Nell’attesa usciamo da noi stessi verso colui che cerca il nostro cuore, che lo fa battere con più forza, colmando la nostra attesa.

Oggi molti non riescono più ad attendere. Vivono il tempo di Avvento non come tempo di attesa, ma già come un Natale  passato. Alcuni celebrano sempre Natale, invece di mantenere sveglia l’attenzione e di protendere il proprio cuore nell’attesa del mistero del Natale. I bambini non sanno attendere che la madre dica la preghiera prima di mangiare. Devono mangiare subito, se c’è qualcosa sul tavolo. Non aspettano che la cioccolata sia messa nella borsa della spesa.

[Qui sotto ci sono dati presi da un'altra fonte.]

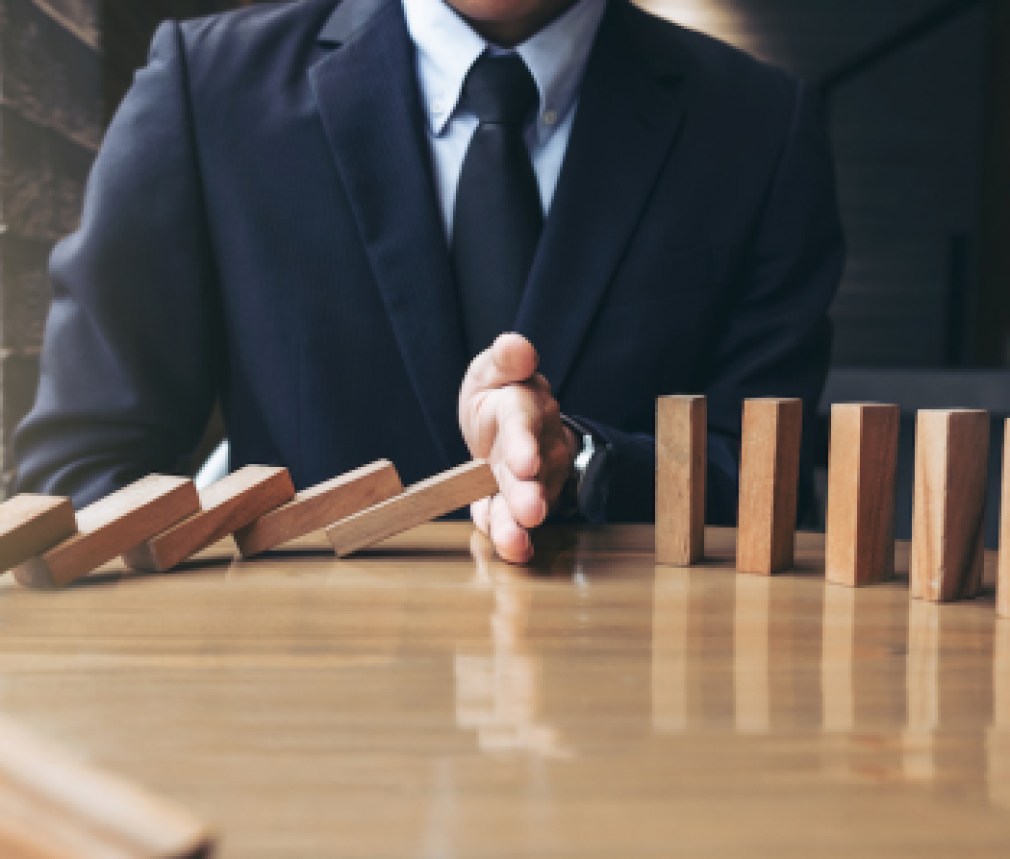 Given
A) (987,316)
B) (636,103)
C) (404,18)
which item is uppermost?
(404,18)

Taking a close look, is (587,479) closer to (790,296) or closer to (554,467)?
(554,467)

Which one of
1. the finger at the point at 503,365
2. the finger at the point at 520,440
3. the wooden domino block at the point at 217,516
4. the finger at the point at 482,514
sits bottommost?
the finger at the point at 482,514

Devono mangiarla ancor prima che sia pagata alla cassa del super mercato. La gente in fila davanti alla cassa o allo sportello della stazione non riesce ad aspettare. Si spinge. In tutto questo c’è qualcosa di importante: chi non sa aspettare non svilupperà mai un forte io. Dovrà per forza soddisfare ogni bisogno immediatamente, ma diventerà allora completamente dipendente da qualsiasi bisogno. L’attesa ci rende liberi dentro. Se sappiamo aspettare finché il nostro bisogno sia soddisfatto, siamo in grado di sopportare , anche la tensione che l’attesa suscita in noi. Il nostro cuore si allarga e ci dona, inoltre, la sensazione che la nostra vita non è banale. Lo vediamo quando aspettiamo un qualcosa di misterioso, poiché vi attendiamo il compimento della nostra nostalgia più profonda. Allora riconosciamo che noi siamo più di quanto ci possiamo dare. L’attesa ci mostra che il nostro vero essere deve esserci donato.Che l'esercizio dell'attesa diventi l'allenamento caratterizzante di questo tempo di preparazione al Natale... perchè se noi lo attendiamo "trepidanti" il Signore, alla sua venuta, ci riempirà il cuore di gioia!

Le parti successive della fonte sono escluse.